Short descriptive text snippets:
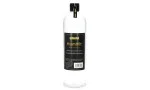 adorini HumiFit Humidifier Solution Premium 1L photo 2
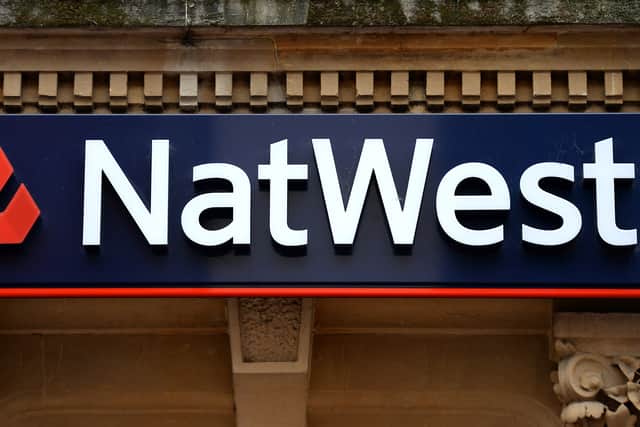 However, the firm reported a bigger-than-expected profit for 2024 and confirmed that the Government has sold more shares, with the bank moving closer to private ownership.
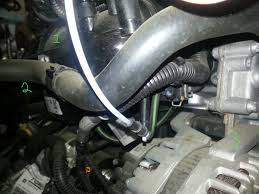 See P1E26 in engine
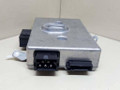 блок комфорта BMW 5 серия E60/E61 2004, 2.5 л., i, M54 B25 (256S5), бензин, АКПП, серый, седан, задний привод, 61356948689 - фото №4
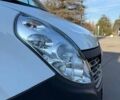 Белый Рено Мастер, объемом двигателя 2.3 л и пробегом 176 тыс. км за 19750 $, фото 26 на Automoto.ua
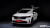 Kia Sorento Gasoline 2.5T 2WD, 2022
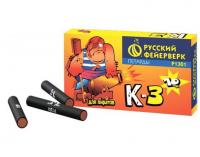 К-3 Петарды купить в Липецке | lipeck.salutsklad.ru
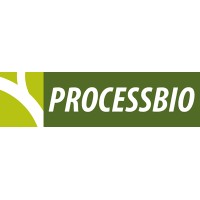 Processbio A/S logo - Similar company to Jb Engineering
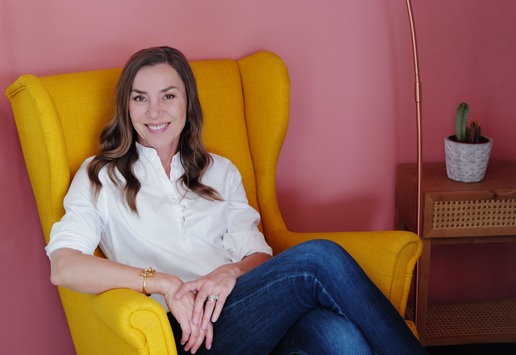 Sicher buchen, besser reisen: Sieben Urlaubstipps von Kathrin Anselm, Geschäftsführerin für Zentral- und Osteuropa bei Airbnb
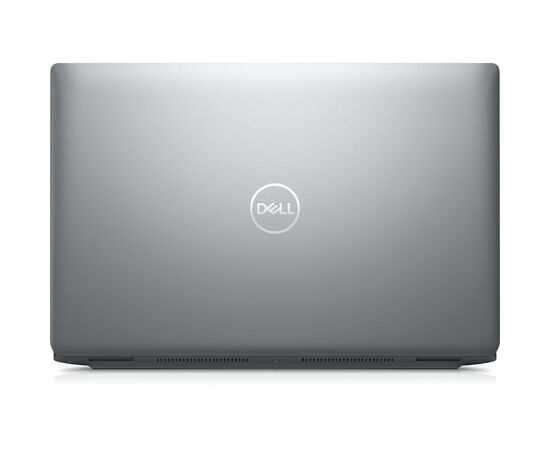 Ноутбук Dell Latitude 5540 (N013L554015UA_WP), изображение 9 Ноутбук Dell Latitude 5540 (N013L554015UA_WP), изображение 9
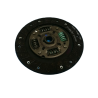 Disco de embrague Suzuki Baleno 22400M68P01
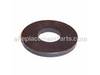 Washer – Part Number: 898519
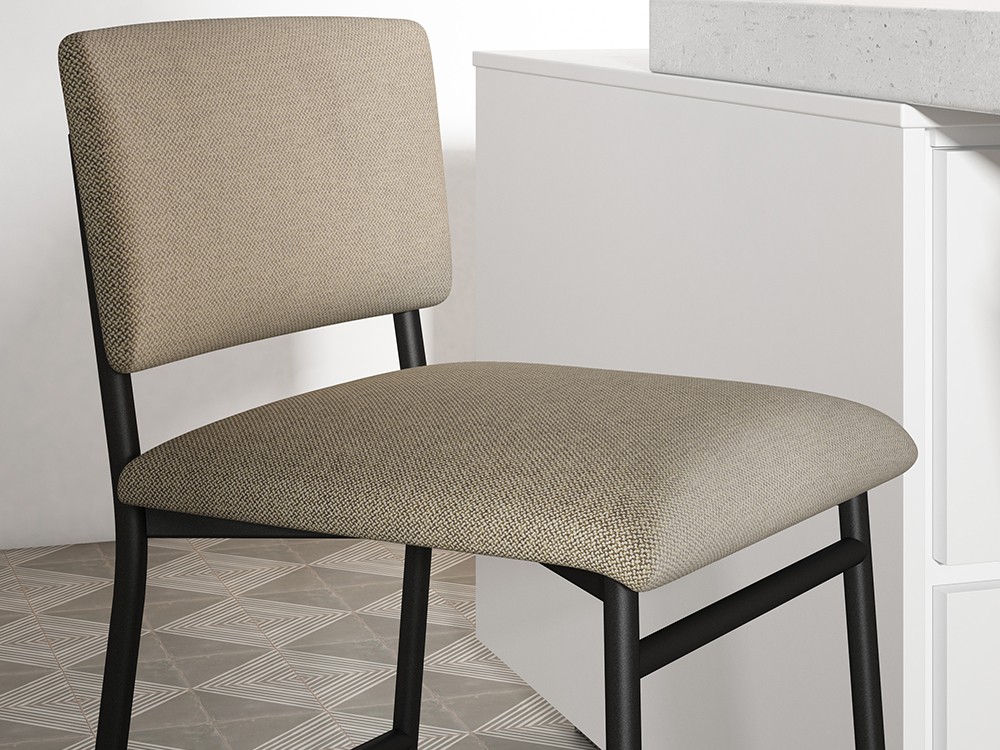 Taburete Titto de Rodri Diseño - 2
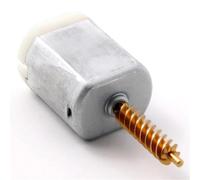 Moteur de Verrouillage Portière Latérale Compatible avec Kia VQ Opirus, Compatible avec Sportage Compatible avec Rio Pride. Moteur de verrouillage électrique de porte latérale Verrou de Porte Motorisé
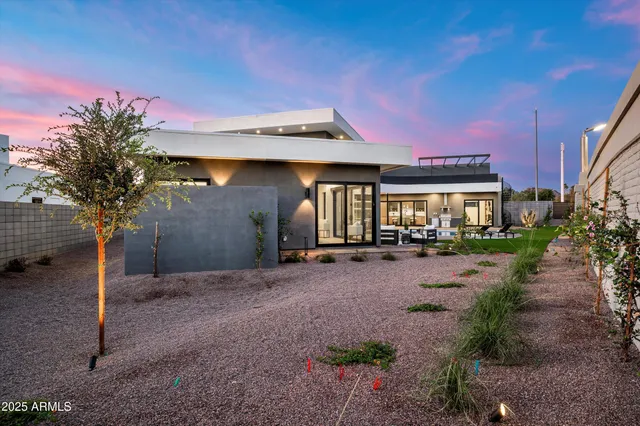 $2,795,000 | 1831 East Palmaire Avenue, Phoenix, AZ 85020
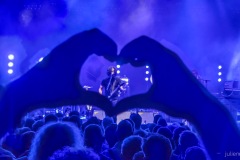 2026-06-18-JackWhite-NuitsdeFourviere-JulienM-08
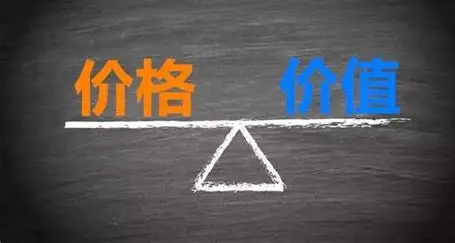 价格轻轻一变，需求为何"反应不一"？——解码需求价格弹性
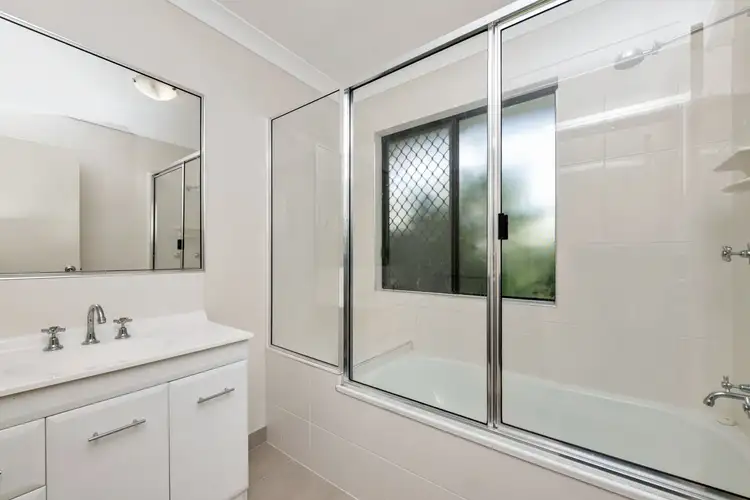 Seventh view of Homely house listing, 6 Benedore Street, Rasmussen QLD 4815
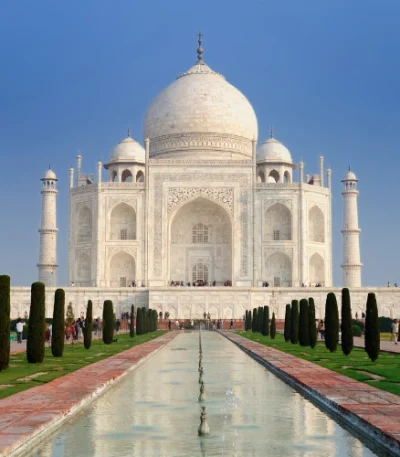 India travel website Tasnuva Group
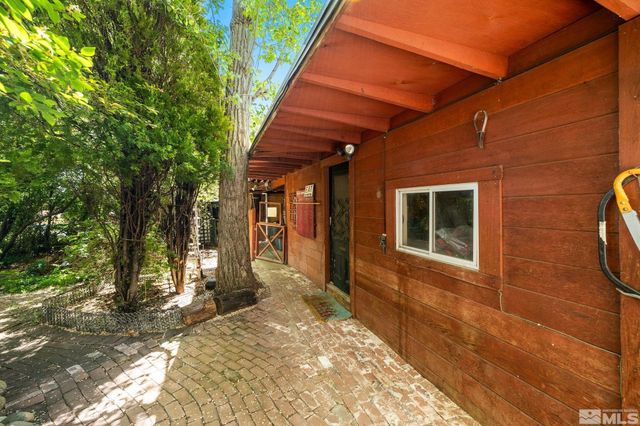 1555 S Marsh Avenue, Reno, NV 89509
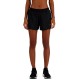 къси,панталони,дамски,панталони,new,balance,sport,essentials,2,in,1,3´´,shorts,black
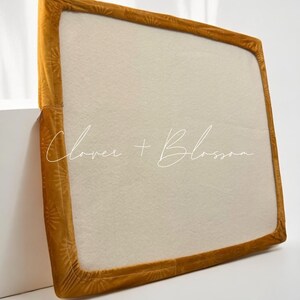 Rug Hooking/ Punch Needle/ Embroidery/ Frame Cover/ Cozy Cover/ Gripper Strip Frame Cover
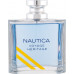 Nautica Voyage Heritage EDT 100 ml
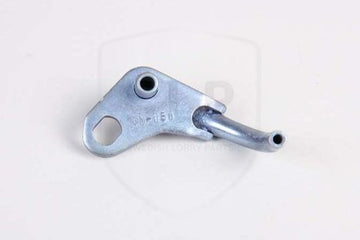 Piston Cooling Jet suitable for Volvo Penta 22295738, 3155151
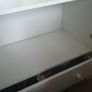 baby ekegance wardrobe free Image 4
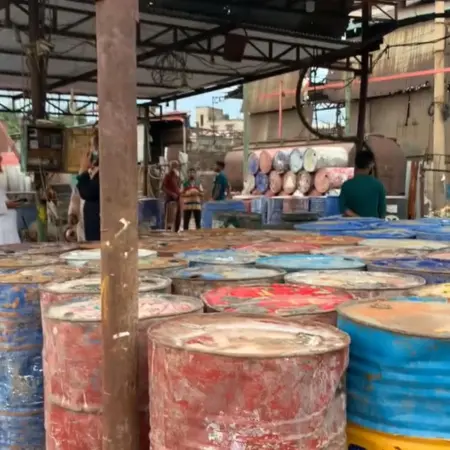 Liquid Sodium Silicate Supplier Bangladesh مورد سيليكات الصوديوم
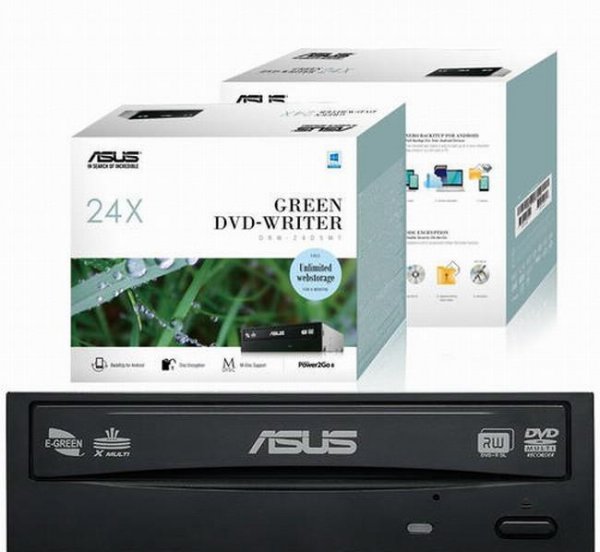 电脑光驱是什么东西做的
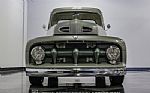 1951 F-1 Restomod Thumbnail 31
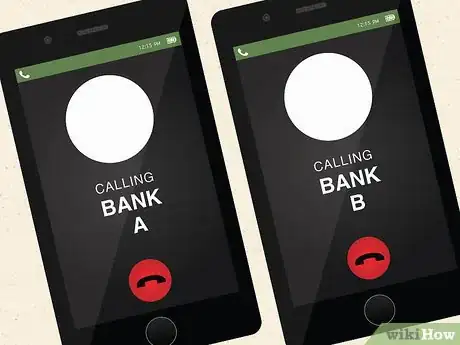 Image titled Apply for a Business Line of Credit Step 3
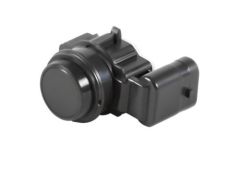 PARK SENSÖRÜ F20 30---31 NOLU KUTU66209261630TY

DESCRIPTION OF THE TASK
Will you restate every entry word for word and omit the images?

YOUR SOLUTION
 adorini HumiFit Humidifier Solution Premium 1L photo 2
 However, the firm reported a bigger-than-expected profit for 2024 and confirmed that the Government has sold more shares, with the bank moving closer to private ownership.
 See P1E26 in engine
 блок комфорта BMW 5 серия E60/E61 2004, 2.5 л., i, M54 B25 (256S5), бензин, АКПП, серый, седан, задний привод, 61356948689 - фото №4
 Белый Рено Мастер, объемом двигателя 2.3 л и пробегом 176 тыс. км за 19750 $, фото 26 на Automoto.ua
 Kia Sorento Gasoline 2.5T 2WD, 2022
 К-3 Петарды купить в Липецке | lipeck.salutsklad.ru
 Processbio A/S logo - Similar company to Jb Engineering
 Sicher buchen, besser reisen: Sieben Urlaubstipps von Kathrin Anselm, Geschäftsführerin für Zentral- und Osteuropa bei Airbnb
 Ноутбук Dell Latitude 5540 (N013L554015UA_WP), изображение 9 Ноутбук Dell Latitude 5540 (N013L554015UA_WP), изображение 9
 Disco de embrague Suzuki Baleno 22400M68P01
 Washer – Part Number: 898519
 Taburete Titto de Rodri Diseño - 2
 Moteur de Verrouillage Portière Latérale Compatible avec Kia VQ Opirus, Compatible avec Sportage Compatible avec Rio Pride. Moteur de verrouillage électrique de porte latérale Verrou de Porte Motorisé
 $2,795,000 | 1831 East Palmaire Avenue, Phoenix, AZ 85020
 2026-06-18-JackWhite-NuitsdeFourviere-JulienM-08
 价格轻轻一变，需求为何"反应不一"？——解码需求价格弹性
 Seventh view of Homely house listing, 6 Benedore Street, Rasmussen QLD 4815
 India travel website Tasnuva Group
 1555 S Marsh Avenue, Reno, NV 89509
 къси,панталони,дамски,панталони,new,balance,sport,essentials,2,in,1,3´´,shorts,black
 Rug Hooking/ Punch Needle/ Embroidery/ Frame Cover/ Cozy Cover/ Gripper Strip Frame Cover
 Nautica Voyage Heritage EDT 100 ml
 Piston Cooling Jet suitable for Volvo Penta 22295738, 3155151
 baby ekegance wardrobe free Image 4
 Liquid Sodium Silicate Supplier Bangladesh مورد سيليكات الصوديوم
 电脑光驱是什么东西做的
 1951 F-1 Restomod Thumbnail 31
 Image titled Apply for a Business Line of Credit Step 3
 PARK SENSÖRÜ F20 30---31 NOLU KUTU66209261630TY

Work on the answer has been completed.